▸ WHAT THE TASK ASKS
From the line containing "Armadietto da bagno" through the last line of the records below, output every line exactly, both ends included, except the pictures.

Top of DATA EXCERPTS

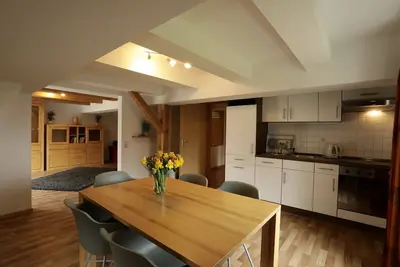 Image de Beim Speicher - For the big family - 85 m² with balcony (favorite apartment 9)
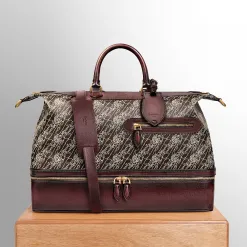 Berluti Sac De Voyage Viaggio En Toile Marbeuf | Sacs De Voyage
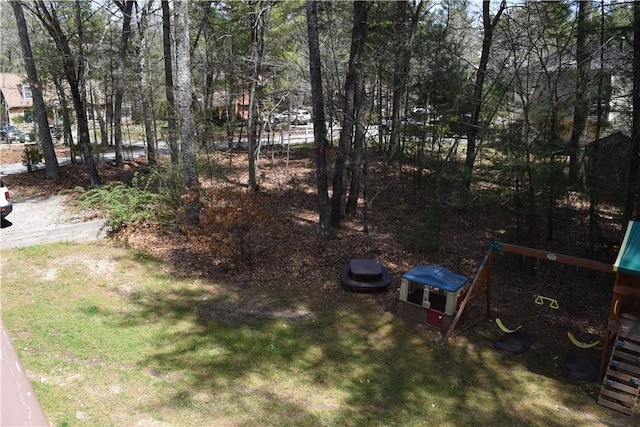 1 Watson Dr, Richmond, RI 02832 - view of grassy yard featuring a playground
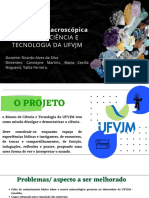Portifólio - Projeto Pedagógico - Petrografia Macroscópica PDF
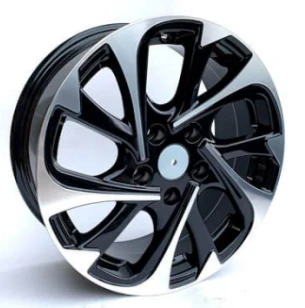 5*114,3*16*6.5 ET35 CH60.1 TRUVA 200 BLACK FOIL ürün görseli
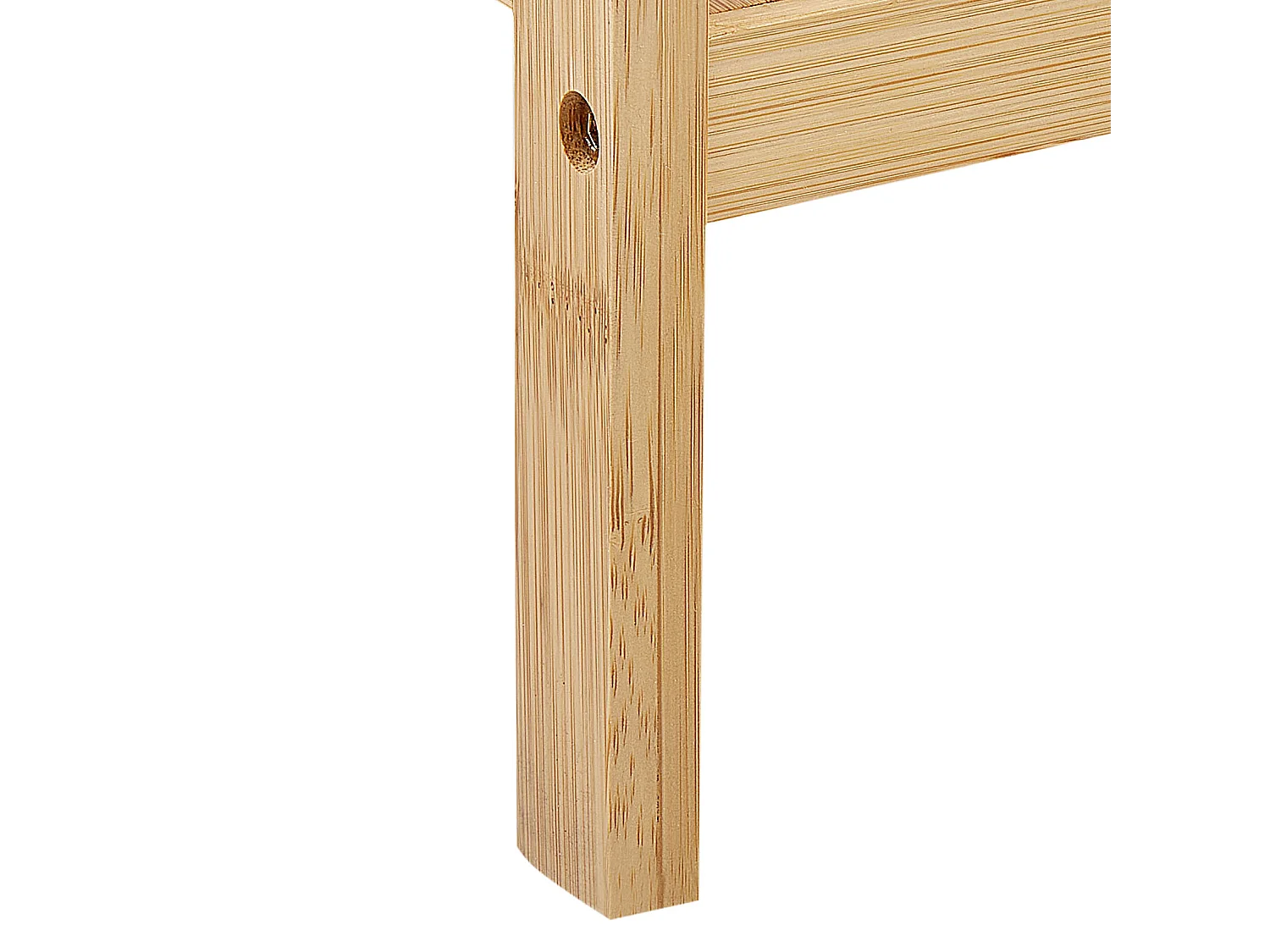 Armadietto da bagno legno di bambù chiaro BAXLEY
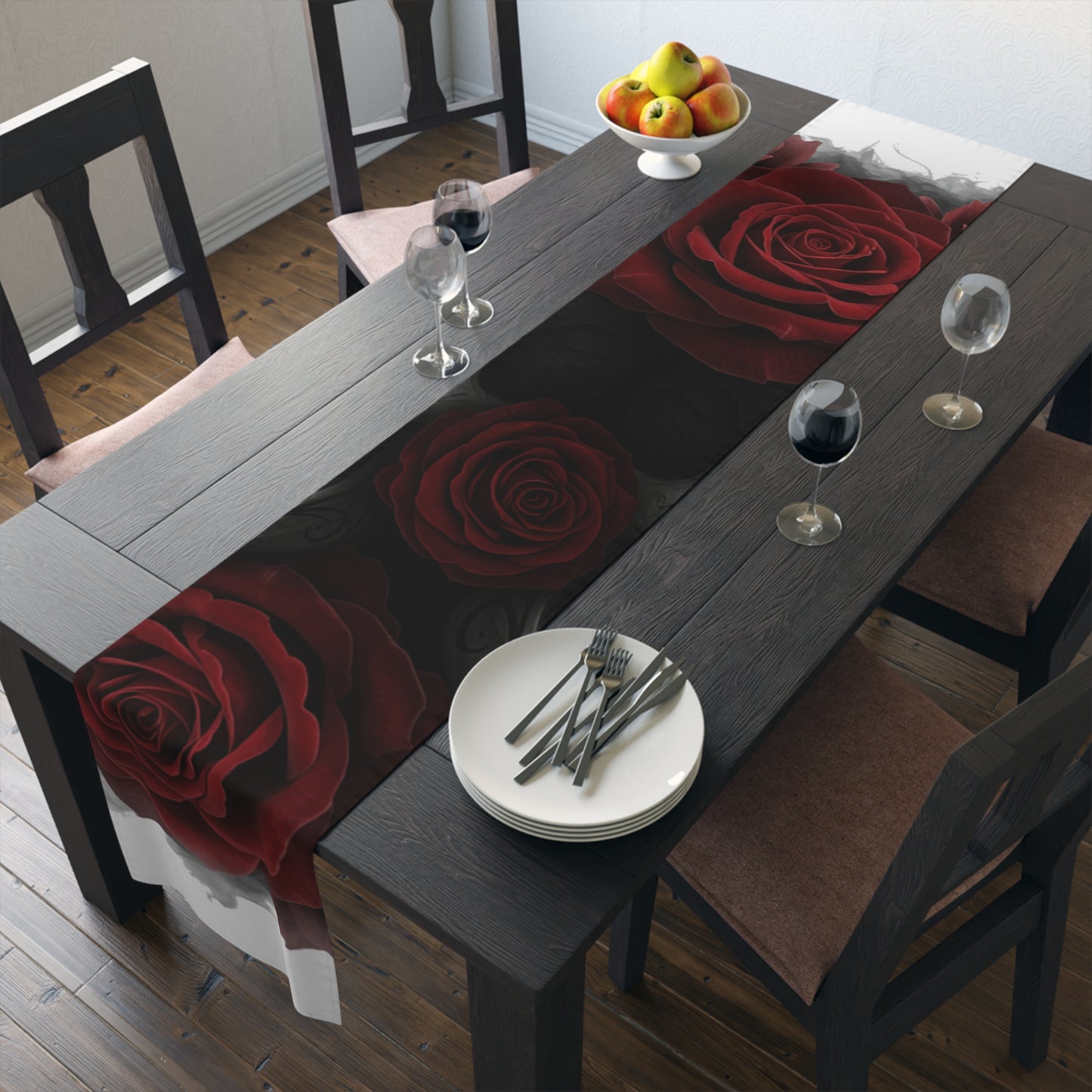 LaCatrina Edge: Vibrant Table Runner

Bottom of DATA EXCERPTS

▸ YOUR RESPONSE
 Armadietto da bagno legno di bambù chiaro BAXLEY
 LaCatrina Edge: Vibrant Table Runner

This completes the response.